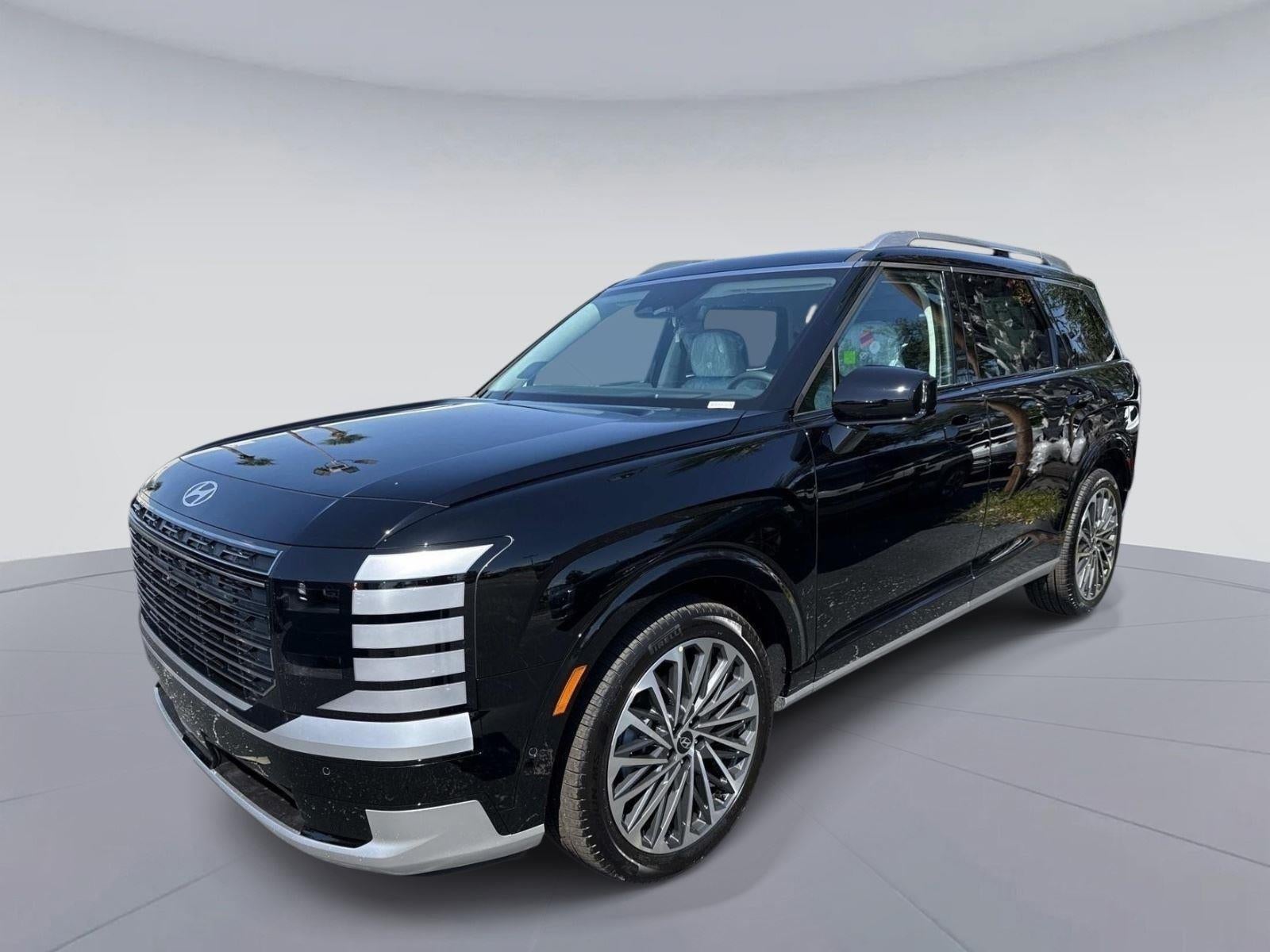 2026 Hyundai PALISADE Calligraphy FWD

---

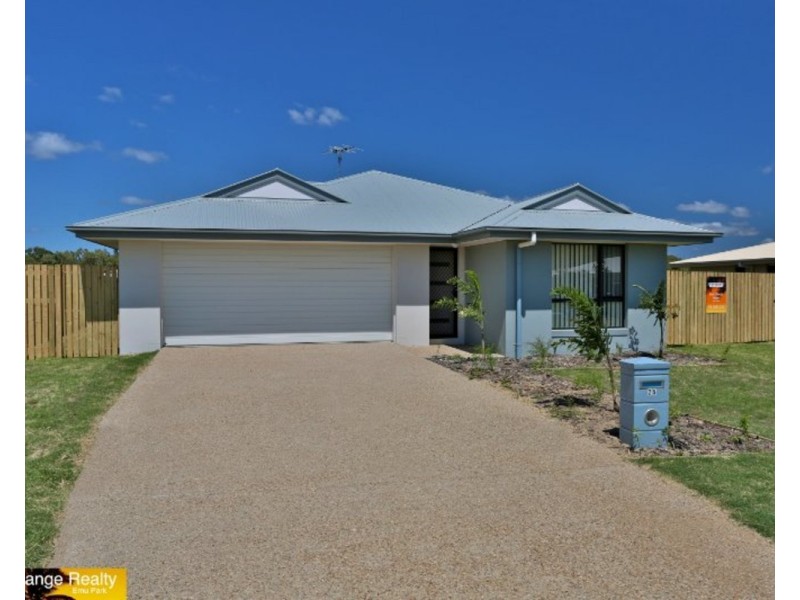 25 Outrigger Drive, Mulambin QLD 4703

---

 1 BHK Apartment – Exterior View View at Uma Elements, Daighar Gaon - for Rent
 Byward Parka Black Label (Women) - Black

---

- [Your goal]
There is a run of lines above from the one with "1 BHK Apartment" to the one with "Byward Parka Black Label (Women) - Black"; print exactly that run, both ends included, and nothing else.

- [Response to the task]
 1 BHK Apartment – Exterior View View at Uma Elements, Daighar Gaon - for Rent
 Byward Parka Black Label (Women) - Black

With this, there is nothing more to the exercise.